Data scraping error when scraping tables


#1

I was trying to use data scraping to extract a table from a website, the table has fixed header column and row so when I start scraping by only one click on any cell, the robot asks me “You selected a table cell, would you like to extract the whole table?” so i said yes but the result table is corrupted; all the first column are concatenated in the first cell. I figured out the cause of the problem is the existing of header column(th tags).
So can anyone help me to extract the table correctly?


#2

Hi @ShaimaaHafez,

When you get "You selected a table cell, would you like to extract the whole table?”, say “No” and then manually select each header and then a corresponding row below that header.

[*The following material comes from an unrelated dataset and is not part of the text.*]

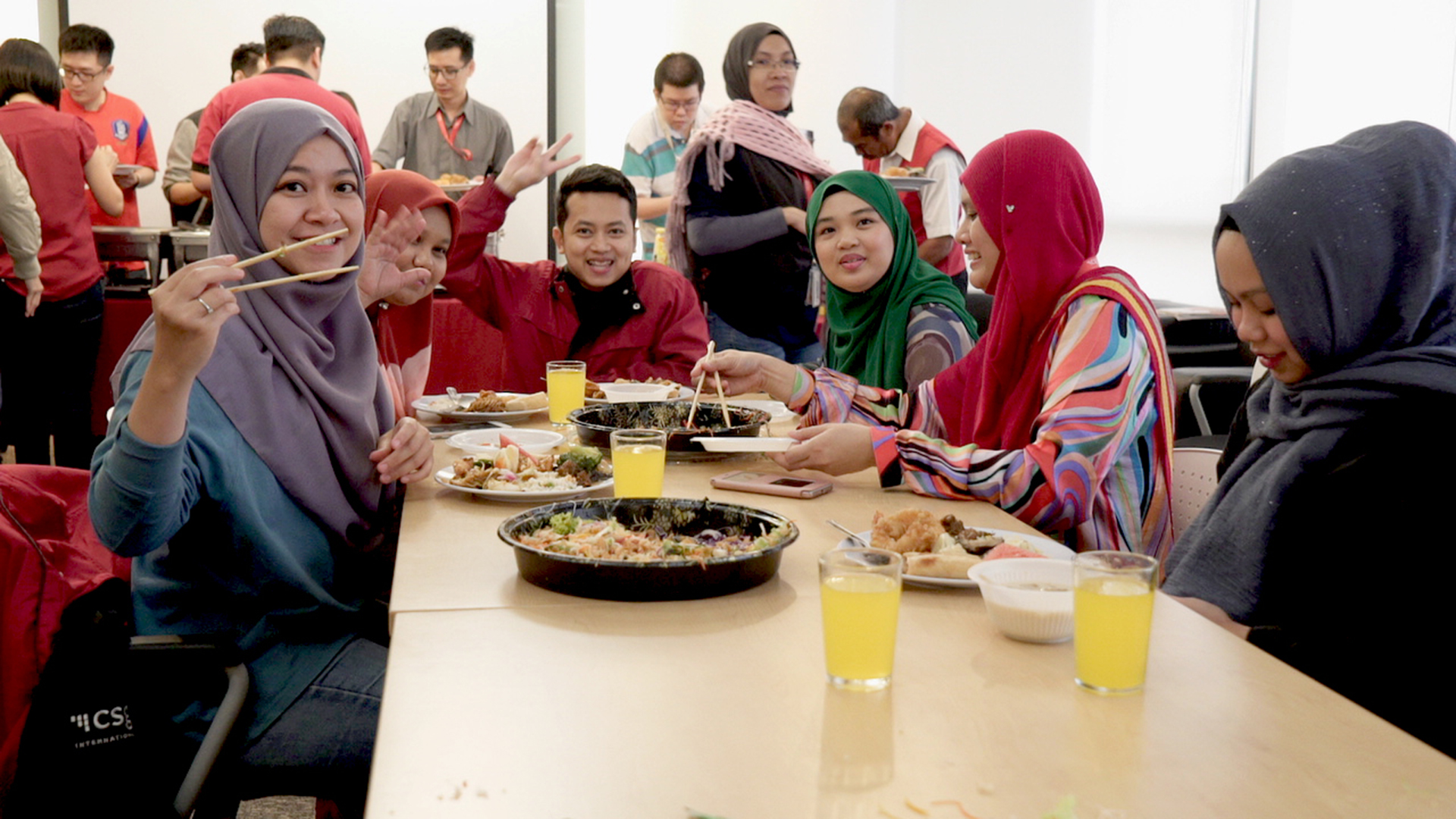 CSG employees sitting together at lunch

Continue on for each column. You’ll see what I mean once you select “No”.

Regards,
Troy


#3

Thank you, but i need the robot to identify the table itself as there are many columns in the tables i want to extract and also i want to make a scalable program to run on many different tables.


#4

Hi @ShaimaaHafez

use OCR instead of full text or native.

regards,
venkatesh.


#5

Thank you, but I am using Data Scraping not Screen Scraping.


#6

Try Extract Structured data Activity for this. It might solve your problem


#7

Same problem, in Extract Structured data activity(which is also part of data scraping), it defines extract metadata as
“”
but because the first column is a header, it concatenate all of its cells in the first cell as part of column names and the table is generated corrupted.